Goal of the exercise: When copying the entries below, leave out every picture and keep the rest exact.

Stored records

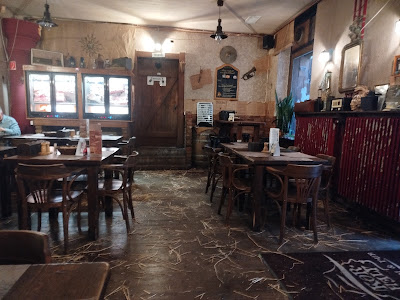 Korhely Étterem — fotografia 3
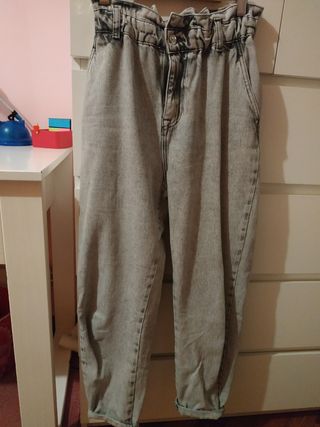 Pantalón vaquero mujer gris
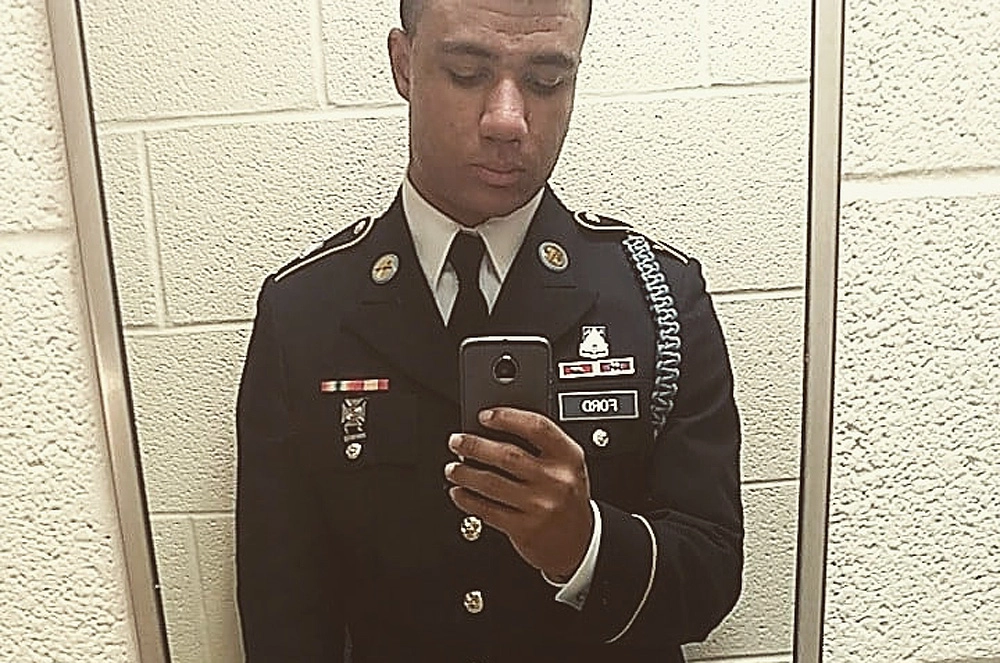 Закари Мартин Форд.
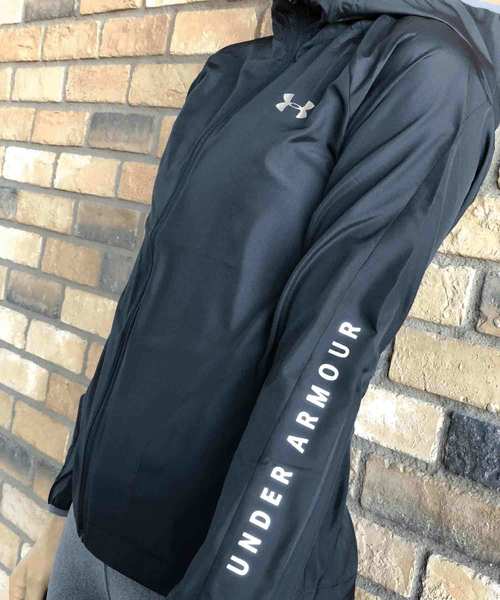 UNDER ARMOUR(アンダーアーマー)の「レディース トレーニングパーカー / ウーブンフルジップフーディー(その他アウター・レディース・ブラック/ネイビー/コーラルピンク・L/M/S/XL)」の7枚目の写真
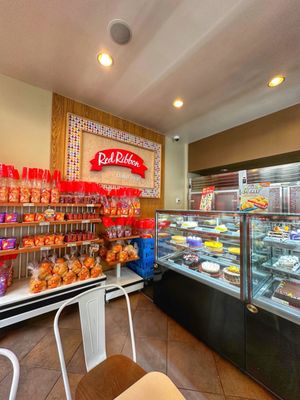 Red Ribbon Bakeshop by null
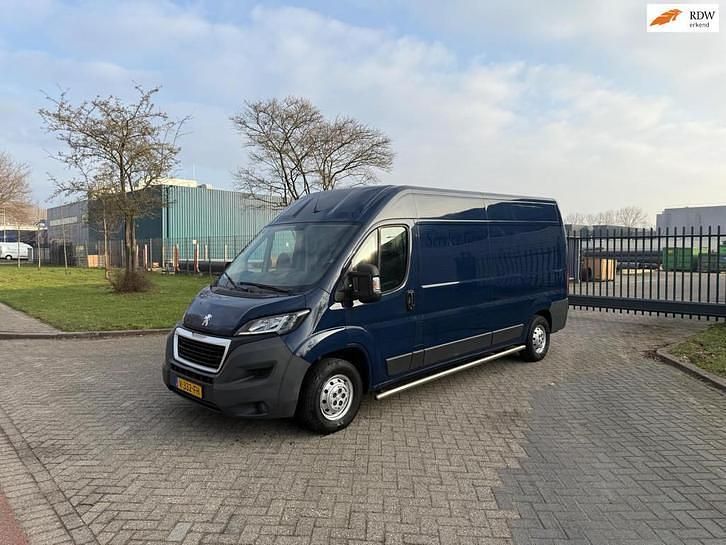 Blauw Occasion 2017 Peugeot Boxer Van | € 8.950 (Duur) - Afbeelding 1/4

Expected answer:
 Korhely Étterem — fotografia 3
 Pantalón vaquero mujer gris
 Закари Мартин Форд.
 UNDER ARMOUR(アンダーアーマー)の「レディース トレーニングパーカー / ウーブンフルジップフーディー(その他アウター・レディース・ブラック/ネイビー/コーラルピンク・L/M/S/XL)」の7枚目の写真
 Red Ribbon Bakeshop by null
 Blauw Occasion 2017 Peugeot Boxer Van | € 8.950 (Duur) - Afbeelding 1/4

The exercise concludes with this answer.